La prescription des intérêts semble être à nouveau soutenue en cause d’appel, au seul motif que la prescription biennale est applicable, sans détail de cette application au calcul des intérêts en cause.
Or, le premier juge qui a retenu d’une part l’application de la prescription biennale revendiquée par l’appelant aux intérêts susvisés, les intérêts dus en vertu d’un titre exécutoire constituant une créance périodique, et d’autre part que cette courte prescription avait été interrompue par les différents paiements effectués par le débiteur ce qu’il revendique par ailleurs à la fréquence de plusieurs chaque année sera approuvé d’avoir rejeté le moyen tiré de la prescription des intérêts.
L’appelant ne justifiant pas avoir soldé la dette litigieuse ne peut dès lors pour ce motif contester des frais d’exécution.
Le jugement contesté sera confirmé en toutes ses dispositions.
Sur la demande de délais de paiement de M [K] [M]
Il résulte des dispositions de l’article 1343-5 du code civil que le juge peut reporter ou échelonner la dette du débiteur dans la limite de deux ans compte tenu de sa situation et en considération des besoins du créancier.
Or, force est de constater que le demandeur aux délais propose de rembourser sa dette en 23versements de 100 euros et le solde à la 24° mensualité.
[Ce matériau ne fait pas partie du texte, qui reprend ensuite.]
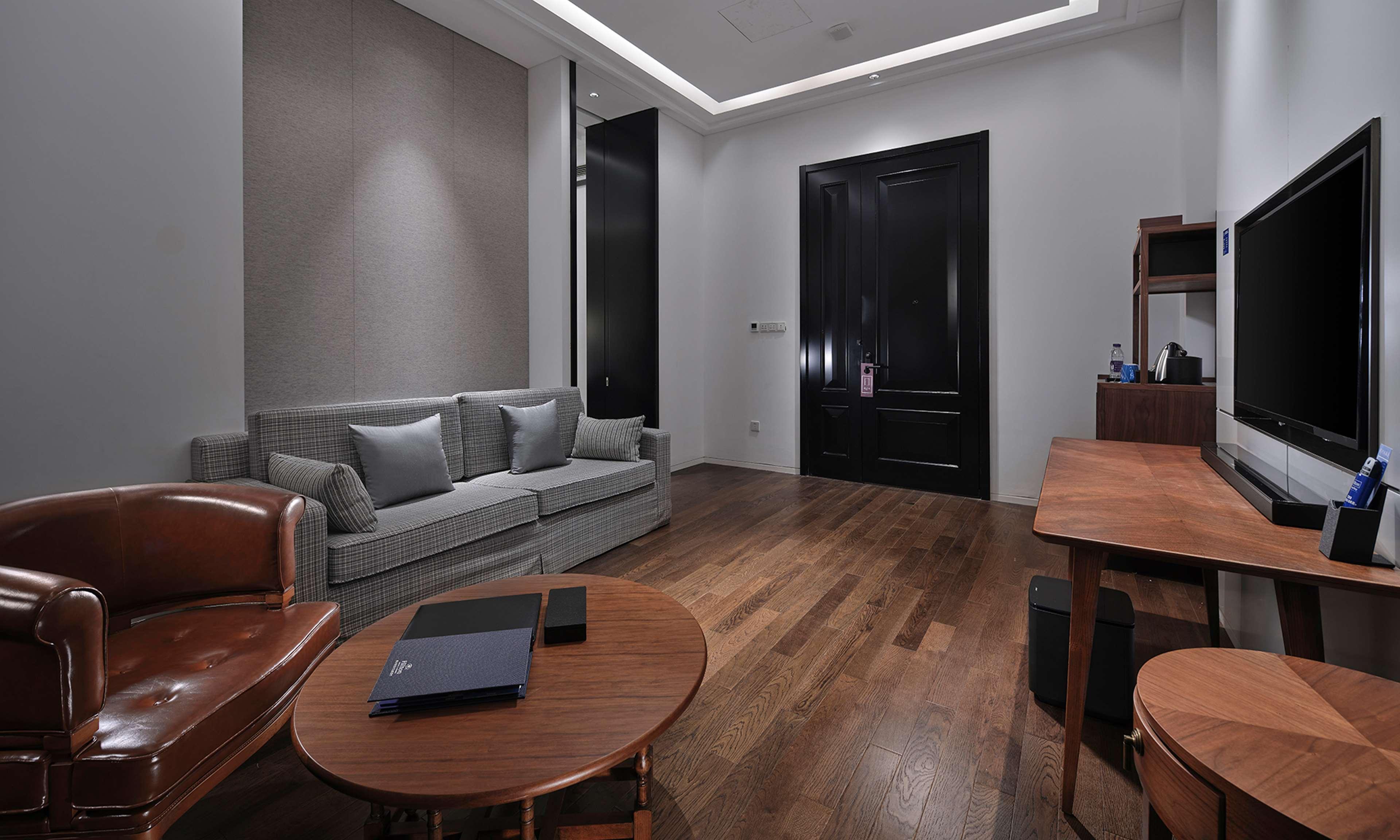 فندق Hilton Beijing Daxing المظهر الخارجي الصورة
S’il propose un apurement de sa dette dans le délai de 24 mois comme exigé par le texte susvisé, il ne verse aux débats aucune pièce de nature à justifier de sa situation financière et donc de sa capacité contributive à hauteur du solde de sa dette à l’expiration du délai de 23 mois, pour le paiement du solde, sa dette s’élevant à la somme totale de 9.989,82 euros.
Sa demande de délais sera par conséquent également rejetée.
L’équité commande de faire application de l’article 700 du code de procédure civile au profit de la SA Arkea Direct Bank.
PAR CES MOTIFS,
La Cour, statuant par décision contradictoire et par mise à disposition au greffe ;
CONFIRME le jugement contesté en toutes ses dispositions ;
Y ajoutant,
Rejette la demande de délais de M [K] [M] ;
Condamne M [K] [M] à payer à la SA Arkea Direct Bank la somme de 1.200 euros au titre de l’article 700 du code de procédure civile ;
Condamne M [K] [M] aux entiers dépens.
— prononcé par mise à disposition de l’arrêt au greffe de la cour, les parties en ayant été préalablement avisées dans les conditions prévues au deuxième alinéa de l’article 450 du code de procédure civile.
— signé par Madame Fabienne PAGES, Président et par Madame Mélanie RIBEIRO, Greffier, auquel la minute de la décision a été remise par le magistrat signataire.